Kadınlar anlatıyor: Önlemler alındı mı alınmadı mı?

Kadınlar anlatıyor: Önlem alınmıyor

Ben bir anaokulunun mutfağında çalışıyorum.  İşyerimde 20 çocuk ve 8 öğretmen var. Korona virüsünün ortaya çıkmasıyla birlikte okulların ve anaokullarının kapanmasının ilk haftasında 1 ya da 2 çocuk geliyordu. Mutfak işinin azlığından dolayı izin istediğim halde vermediler ve bana benim görevim olmayan işleri yaptırdılar. Temizlik işleri falan. Kadrolu olmadığı için bir arkadaşımızın çıkışını verdiler. Son iki haftada çocuk sayısı 5’e kadar çıktı. Bu süreç benim için çok zor ve sıkıcı geçiyor.  Doğal olarak ben de tedirgin oluyorum virüsten dolayı, ama maalesef izin vermiyorlar.  İş olmadığı zamanlarda da saatimi doldurmamı istiyorlar. İki dakika bile erken çıkmamıza izin vermiyorlar.

İşyerinde virüsten dolayı hiçbir önlem alınmıyor.  Maske, eldiven hiçbir şey yok. Ortam hiç hijyenik değil. Normal şartlarda nasıl çalışılıyorsa aynı şekilde devam ediliyor. Sonuçta küçük çocuklarla çalışıyoruz. Anaokulu eğitmenleri, çocukları onlar uyutuyor, yedirip içiriyor, temizliyor, bütün gün onlarla birlikte vakit geçiriyorlar. Bu yüzden bütün önlemlerin alınması gerektiğini, bu koşullarda çalışmanın da psikolojimizi bozduğunu düşünüyorum.

Sevgiler

Yıldız (Frankfurt)

Kadınlar anlatıyor: Benim çalıştığım hastanede önlemler alındı. Ya sizin? 
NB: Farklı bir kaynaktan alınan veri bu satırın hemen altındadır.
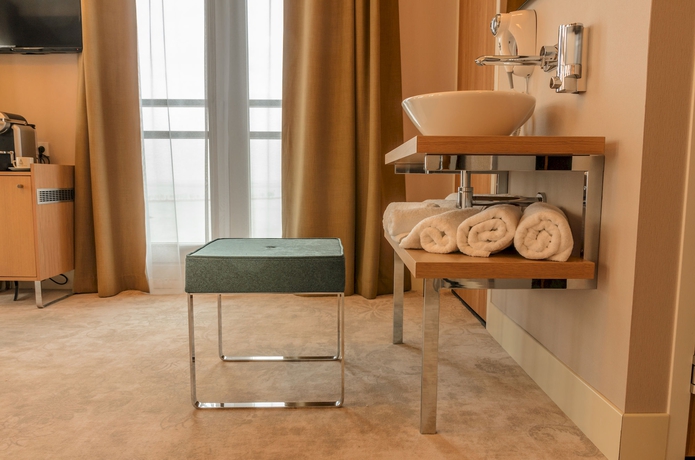 Imagen de la habitación del Hotel Amadi Panorama. Foto 15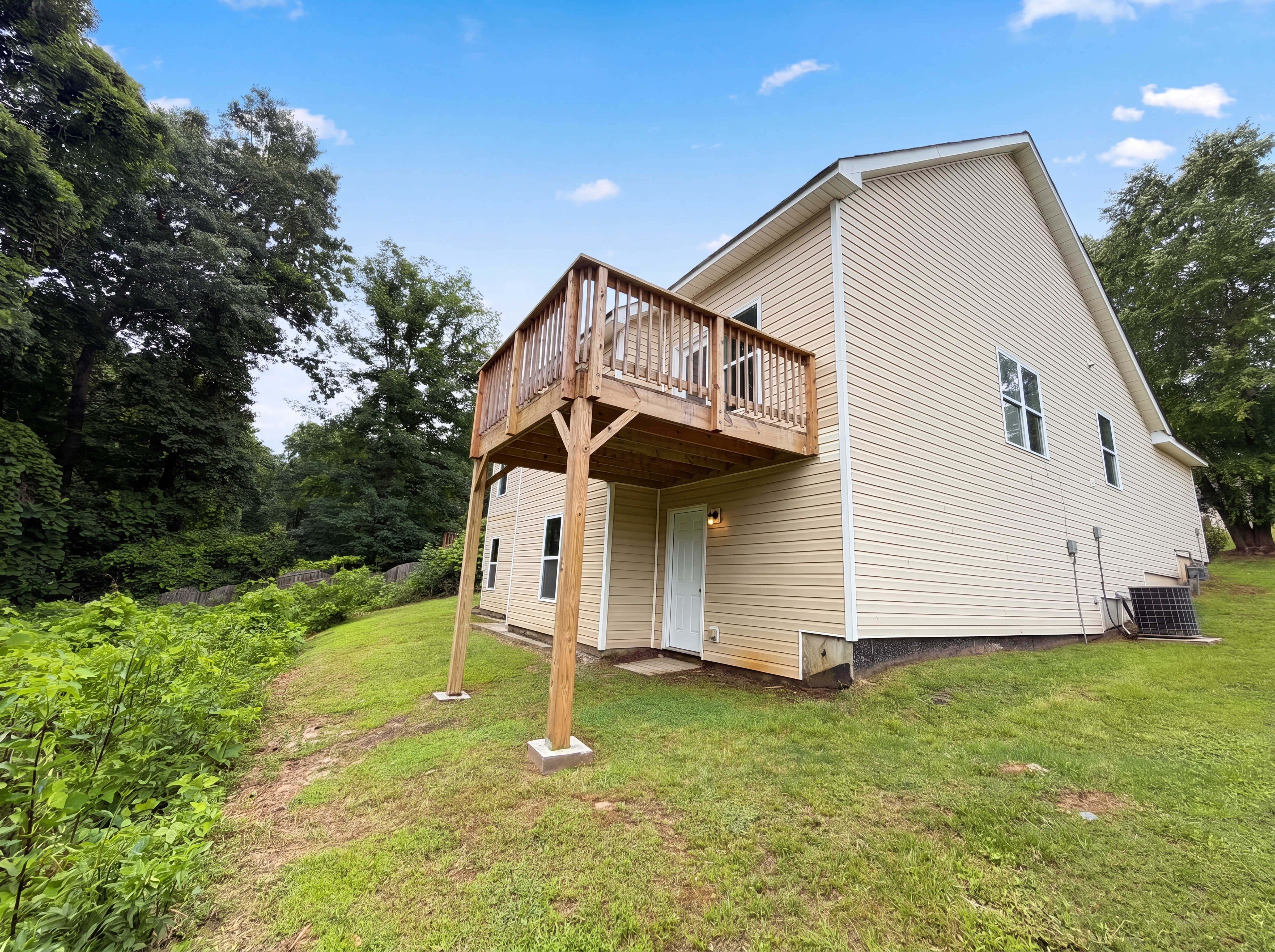 Photo 5 of 27 of 108 Legend Creek Dr, Canton, GA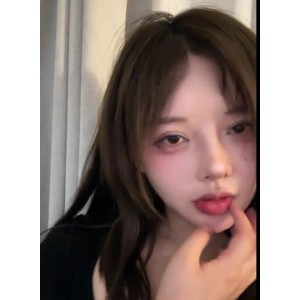 唐泽雪优质女神回归自拍作品4V-2.1G，人气再次爆棚！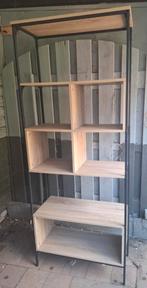 Houten vakkenkast, boekenkast met zwart metalen frame, Ophalen, Met plank(en), Gebruikt, 50 tot 100 cm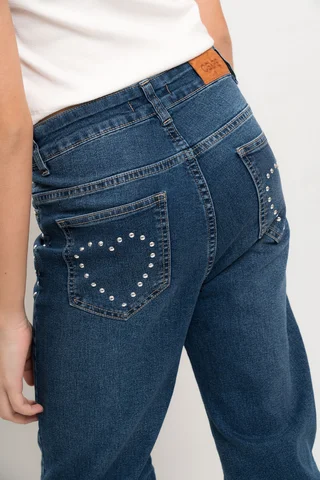 Jean Flare Lou Elastizado Con Tachas En Forma De Corazones En Bolsillos Traseros - Vista 4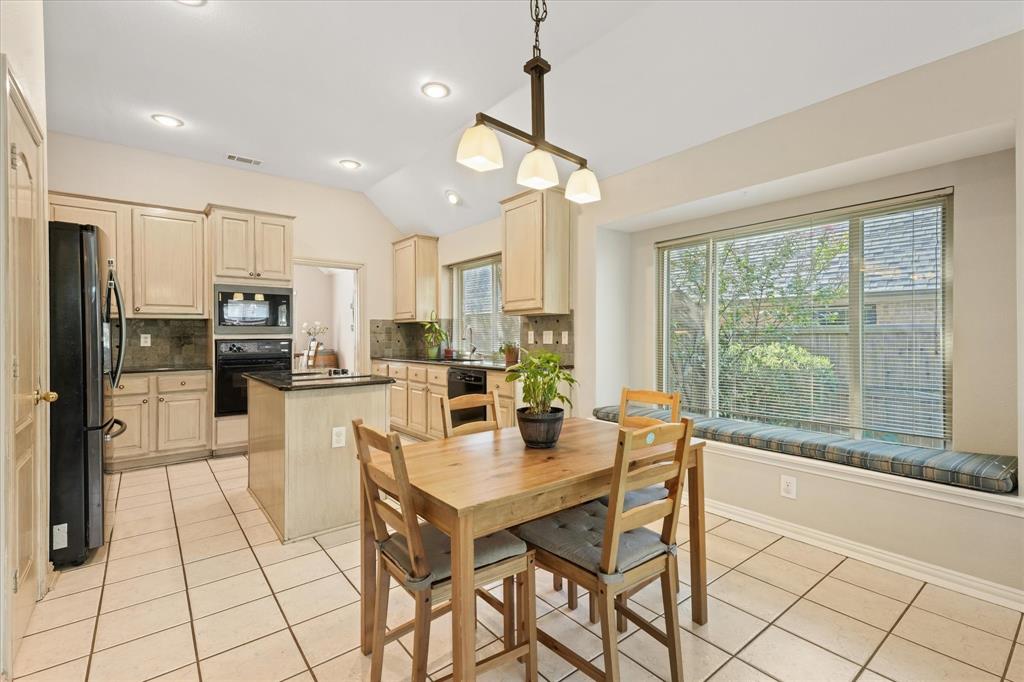 Flower Mound, Texas, 75028, United States, 4 Bedrooms Bedrooms, ,2 BathroomsBathrooms,Residential,For Sale,1974127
Bölgemizde  Korona virüsü ilk duyulduğunda insanlar biraz sakin ve rahattı. Dünya haberlerine odaklanınca panikledik. 15 gün içerisinde insanlar, Çin’deki ölümlerden, İtalya’daki ölümlerden bir hayli etkilendiler. Bavyera bölgesinde yetkililer acil toplanıp hemen okulların kapatılmasına ve internet üzerinden ders verilmesine, eğlence mekanlarının, mağazaların, spor salonlarının kapatılmasına, sadece alışveriş yerlerine izin verilip, buralarda 20 kişiden fazla alınmamasına karar verdi ve  bu kararlar uygulamaya  koyuldu. Halk panik halinde alışverişe koştu ve temel ihtiyaçlarını stokladı. İnsanların evde kalmaları için alınan kararlar uygulanmaya başlandı. Halk kendi sağlığının tehlike altında olduğu bilincinde. Sokaklarda insan yok denecek kadar az. Alışveriş dışında evlerden dışarı çıkmıyorlar. İnsanlar arasında büyük kopukluk var. Kasabamızda pozitif hasta sayısının 30 kadar olduğu söyleniyor. Yoğun bakımda 10 kişi var, ölü sayısının 2 olduğunu biliyoruz.

Çalıştığımız hastane hemen önlem alarak, insanların hastaneye giriş çıkışlarını kontrol altına aldı. İnsanlar içeri girerken ateşleri ölçüldü, dezenfekte ilacı kullanmadan girişlerine izin verilmedi. Pozitif olanlar hemen 1. ve 2. istasyonlarda karantinaya alındılar. Ziyaretçi kabul edilmiyor. Hastaneye sadece mecburi hastaları kabul ediyorlar. Diğer istasyonlarda hasta yok denecek kadar az. Çalışma alanlarımızda güvenlik önlemleri yeterli tabii ki, bu önlemlere karşı doktorlar, hemşireler ve çalışanlar büyük titizlik gösteriyorlar. Buna karşılık herkes tedirgin ve huzursuz. Nereden, nasıl bulaşacağını bilemiyorsun, insanların kendileri için çaba göstermeleri gerekiyor ve çabalıyorlar da.

Bana sorarsanız silahlara ayrılan bütçe, pozitif olan hastalara ya da evde kalanlara, sağlık alanına ayrılsaydı daha iyi olurdu.